The fourth element, justifiable reliance on the part of plaintiffs, is likewise satisfied for purposes of this motion. Plaintiffs contend that they relied to their detriment on defendants' assertions that premiums were due on their insurance coverage. While ordinarily a plaintiff must exercise due diligence in discovering the alleged fraud, plaintiffs have also alleged a fiduciary relationship between defendant insurance agency and plaintiffs. Under Georgia law, the required degree of care to detect fraud is much less when there is such a confidential relationship between the parties. See U.S. for Use and Benefit of Meva Corp. v. Northeast Construction Co. of W.Va., 298 F. Supp. 1135 (1969). Based upon this fact, it is clear that it would be improper to decide as a matter of law whether plaintiffs exercised the required diligence necessary to maintain a fraud action. See Grizzle, 602 F. Supp. at 467 (Questions of fraud, bad faith and materiality of misrepresentation are normally for the jury.).

The last element, damages, is alleged by plaintiffs to be the expenses incurred as a result of having to borrow money that would not otherwise have been borrowed absent defendants' fraudulent conduct. These allegations, similarly, are not subject to summary disposition since it is clear that plaintiffs incurred additional expenses from the alleged fraudulently induced loans. Whether these loans were fraudulently induced, and, further, whether these expenses proximately resulted from this conduct is a matter for a jury to decide.

Finally, while defendant The Farmers Bank and defendant insurance agency did not participate directly in every act alleged to be fraudulent in this case, plaintiffs contend that defendants acted jointly in carrying out a scheme to defraud plaintiffs. If plaintiffs are capable of proving such a scheme, the acts of each defendant could be imputed to the other, and, thus, an intentional misrepresentation by one defendant potentially could bind the other in an action based upon fraud. Plaintiffs have presented evidence of a close business relationship between defendant bank and defendant insurance agency. Plaintiffs have also stated that defendant bank required them to purchase insurance from defendant insurance agency prior to giving them loans. While defendants dispute that this requirement was made, it has not been disproven as a matter of law. Thus, plaintiffs have demonstrated a genuine issue of fact as to whether defendants acted jointly in allegedly defrauding plaintiffs.

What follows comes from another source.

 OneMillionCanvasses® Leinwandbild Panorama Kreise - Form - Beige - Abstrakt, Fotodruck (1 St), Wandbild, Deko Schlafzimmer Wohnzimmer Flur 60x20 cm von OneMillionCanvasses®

Viewing the facts most favorably to plaintiffs, therefore, Mr. and Ms. Hubbard have sufficiently shown this court that there is a genuine issue of material fact as to whether defendants' conduct was fraudulent. Accordingly, defendants' motion for summary judgment is hereby DENIED. Fed.R.Civ.P. 56(c).

NOTES

[1] The court notes that while Georgia law would allow plaintiffs to refile their state claims in a state court upon a voluntary dismissal of the claims in this court, the court believes, based upon the foregoing, that it would be inequitable to all the parties to require a dismissal of the state claims at this time. See O.C.G.A. § 9-2-61 (1986).